An exact copy of every record, with no pictures, please.

START MATERIAL FOR THIS EXERCISE

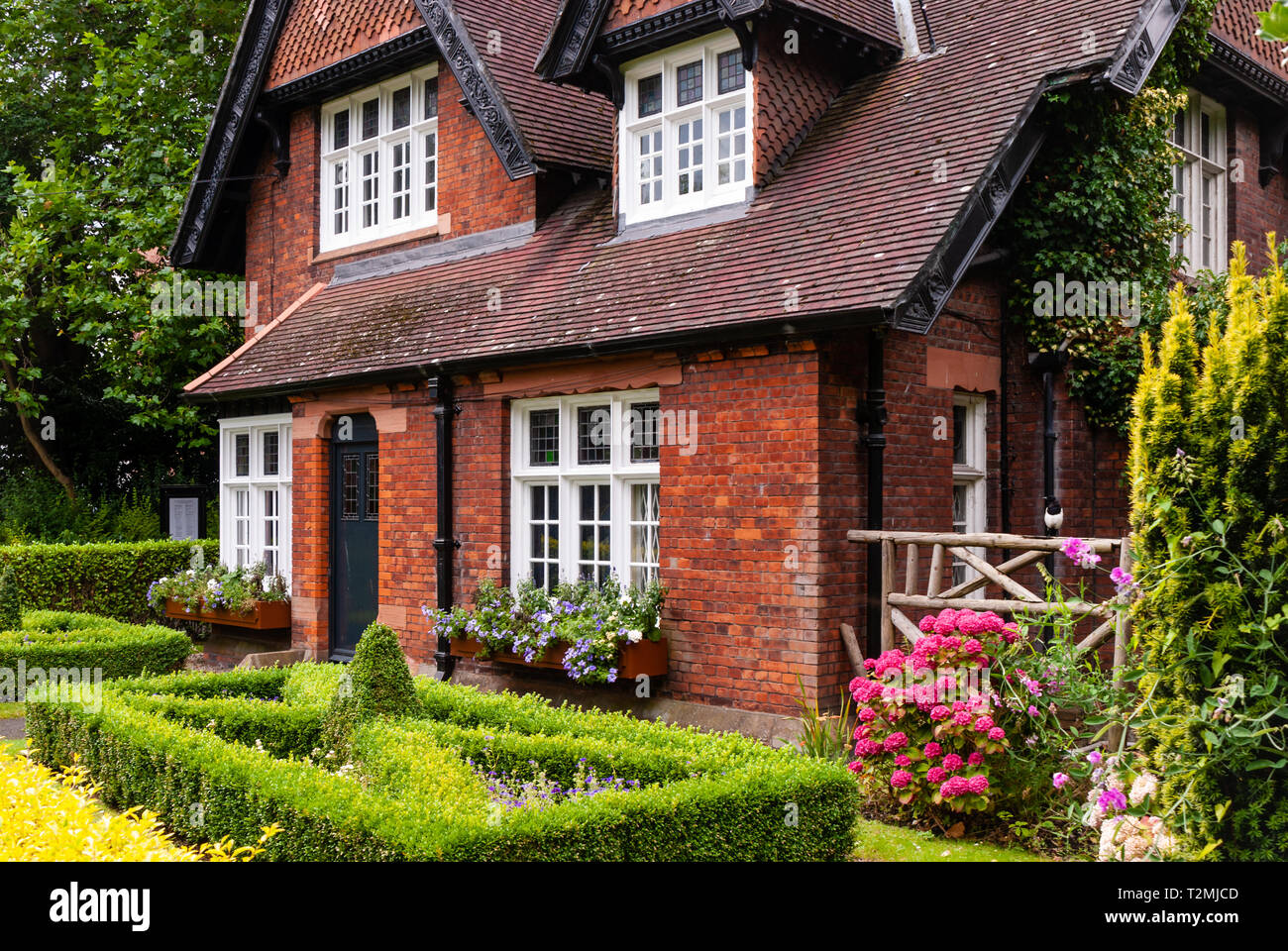 Rote Backsteingebaude In Dublin Stockfotos Und Bilder Kaufen Alamy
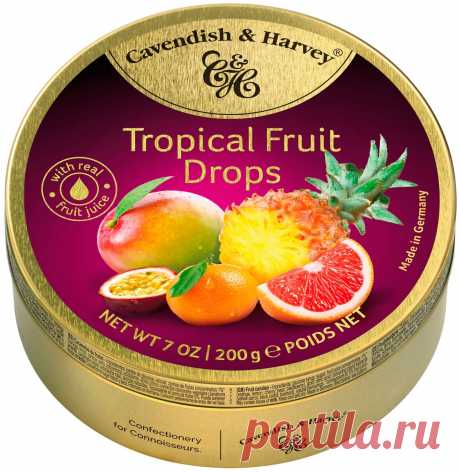 Леденцы Cavendish & Harvey Тропические фрукты, 200 г — купить по выгодной цене на Яндекс.Маркете Леденцы Cavendish & Harvey Тропические фрукты, 200 г — купить сегодня c доставкой и гарантией по выгодной цене. 1 предложение в проверенных магазинах. Леденцы Cavendish & Harvey Тропические фрукты, 200 г: характеристики, фото, магазины поблизости на карте. Достоинства и недостатки модели — Леденцы Cavendish & Harvey Тропические фрукты, 200 г в отзывах покупателей, обзорах, видео и обсуждениях.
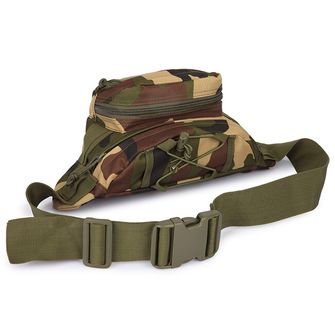 Водонепроникний тактичний рюкзак Dragowa Tactical, камуфляж джунглі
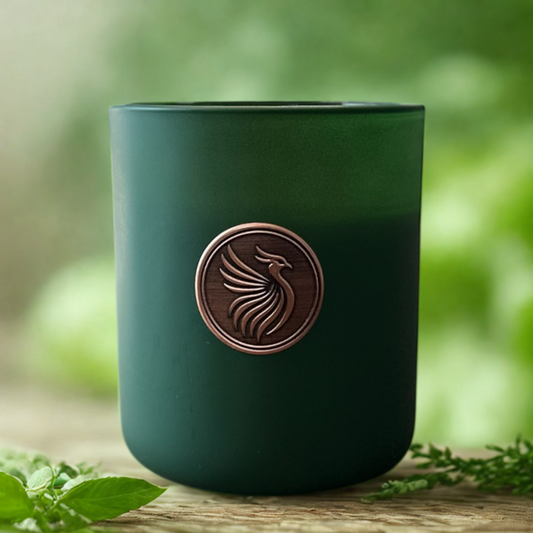 Serenity Flame - 12 oz Refillable Candle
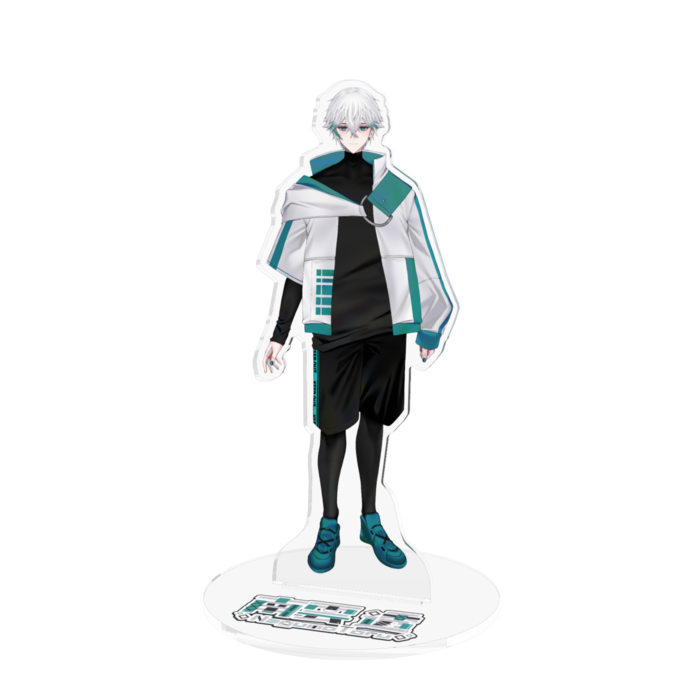 アクリルフィギュア - 160x160mm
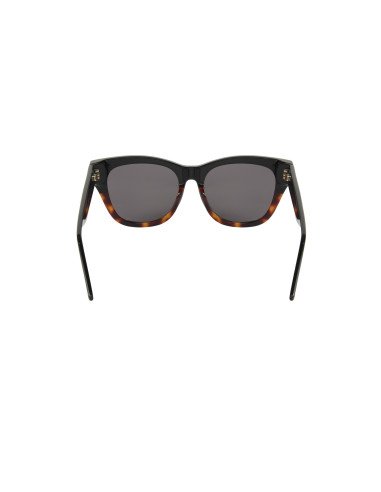 Dior Signature B4I 18A0 Square Shape Black Silver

END MATERIAL FOR THIS EXERCISE

● OUTPUT BELOW:
 Rote Backsteingebaude In Dublin Stockfotos Und Bilder Kaufen Alamy
 Леденцы Cavendish & Harvey Тропические фрукты, 200 г — купить по выгодной цене на Яндекс.Маркете Леденцы Cavendish & Harvey Тропические фрукты, 200 г — купить сегодня c доставкой и гарантией по выгодной цене. 1 предложение в проверенных магазинах. Леденцы Cavendish & Harvey Тропические фрукты, 200 г: характеристики, фото, магазины поблизости на карте. Достоинства и недостатки модели — Леденцы Cavendish & Harvey Тропические фрукты, 200 г в отзывах покупателей, обзорах, видео и обсуждениях.
 Водонепроникний тактичний рюкзак Dragowa Tactical, камуфляж джунглі
 Serenity Flame - 12 oz Refillable Candle
 アクリルフィギュア - 160x160mm
 Dior Signature B4I 18A0 Square Shape Black Silver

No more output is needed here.